Record set:
▼▼▼

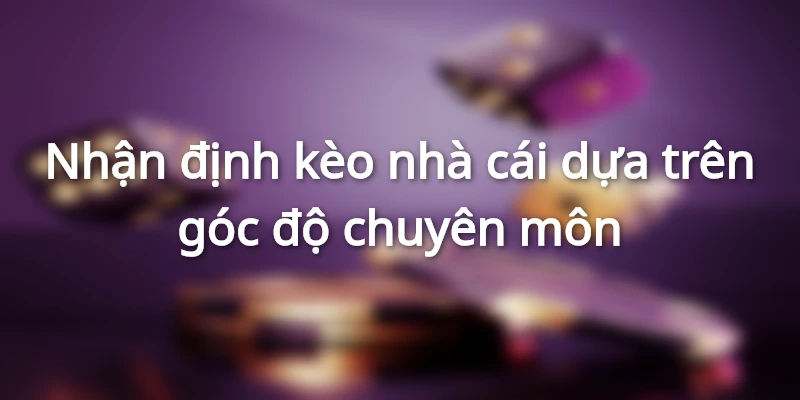 Mẹo soi kèo chuẩn, cách soi kèo bóng đá đạt tỷ lệ thắng cao 3 nhan-dinh-keo-nha-cai-dua-tren-goc-do-chuyen-mon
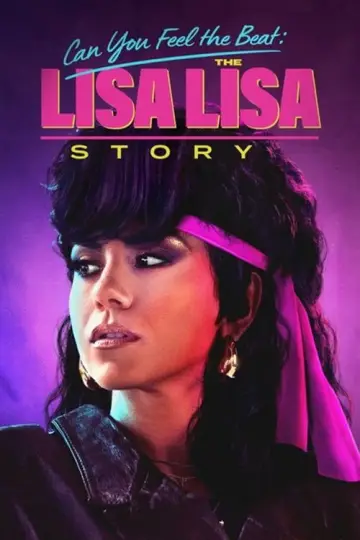 Can You Feel the Beat: The Lisa Lisa Story plakat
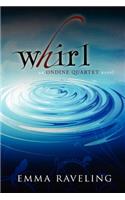 Whirl (Ondine Quartet Book 1)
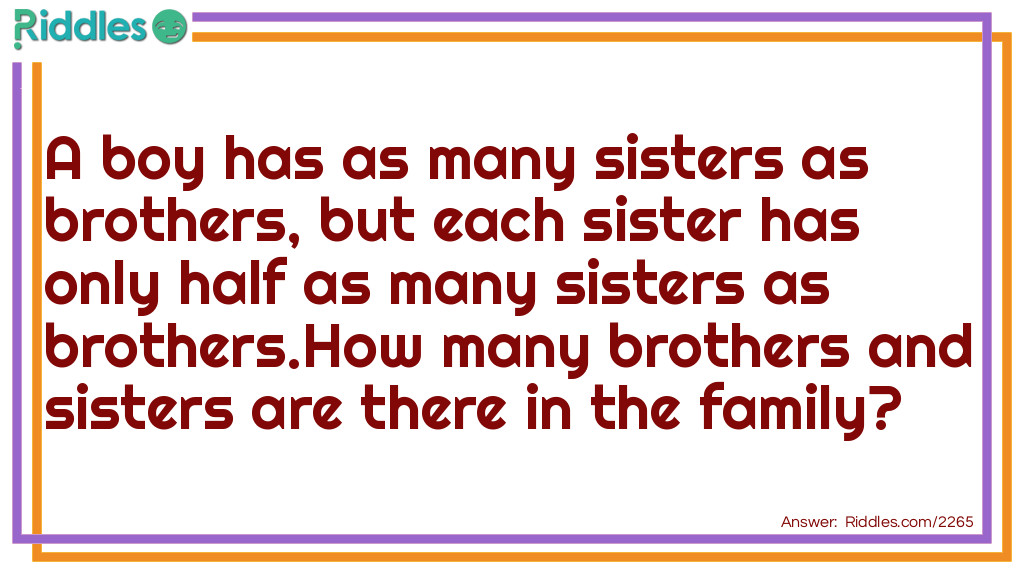 Riddle: A boy has as many sisters as brothers, but each sister has only half as many sisters as brothers.
How many brothers and sisters are there in the family? Answer: Four brothers and three sisters.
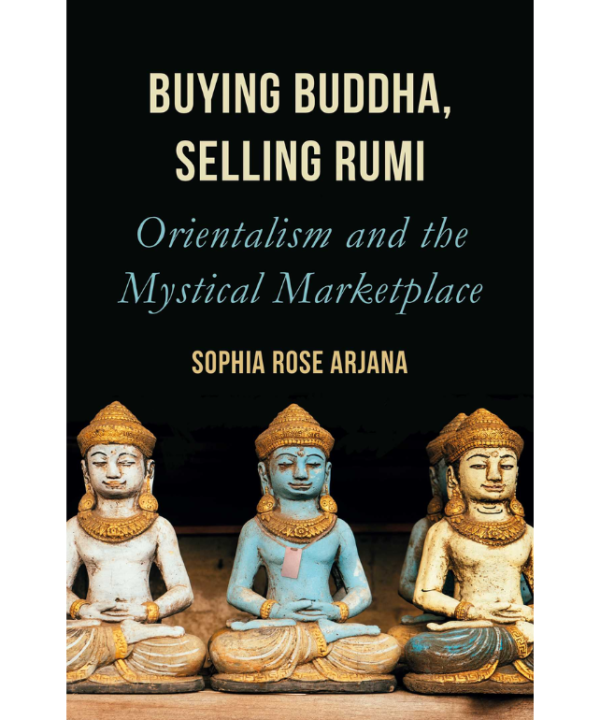 Buying Buddha, Selling Rumi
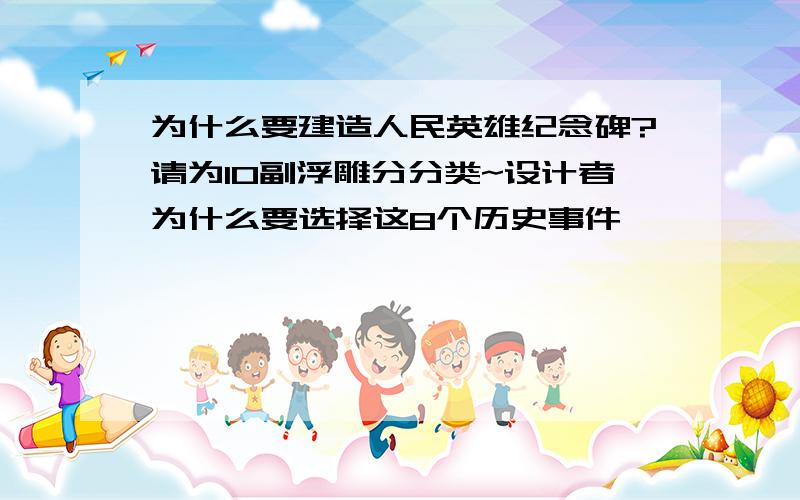 为什么要建造人民英雄纪念碑?请为10副浮雕分分类~设计者为什么要选择这8个历史事件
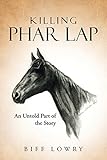 Killing Phar Lap: An Untold Part of the Story by Biff Lowry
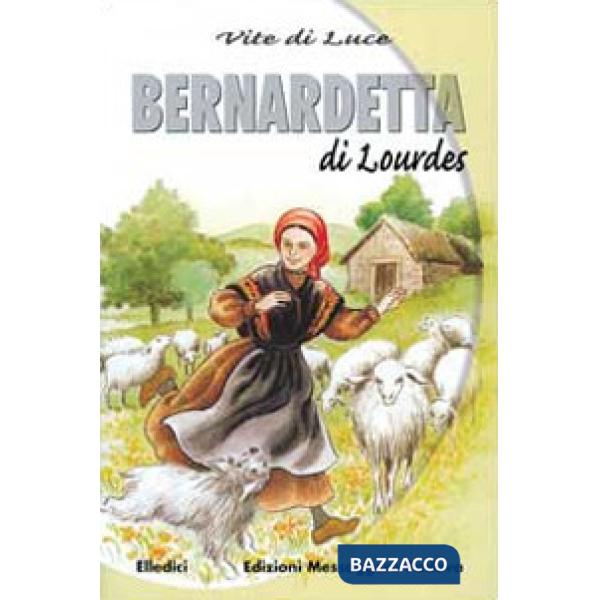 Bernadetta di Lourdes vite di luce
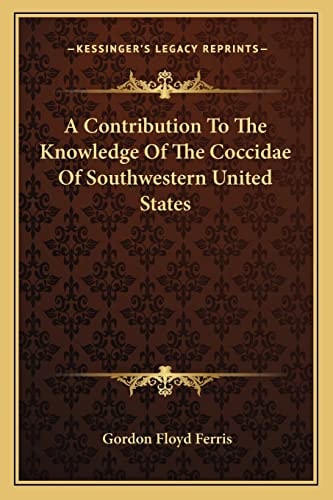 A Contribution To The Knowledge Of The Coccidae Of Southwestern United States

▲▲▲

Problem requirements: Retype, word for word, the line containing "Bernadetta di Lourdes vite di luce" and each line after it through the end of the data, leaving any picture out.

Your response:
 Bernadetta di Lourdes vite di luce
 A Contribution To The Knowledge Of The Coccidae Of Southwestern United States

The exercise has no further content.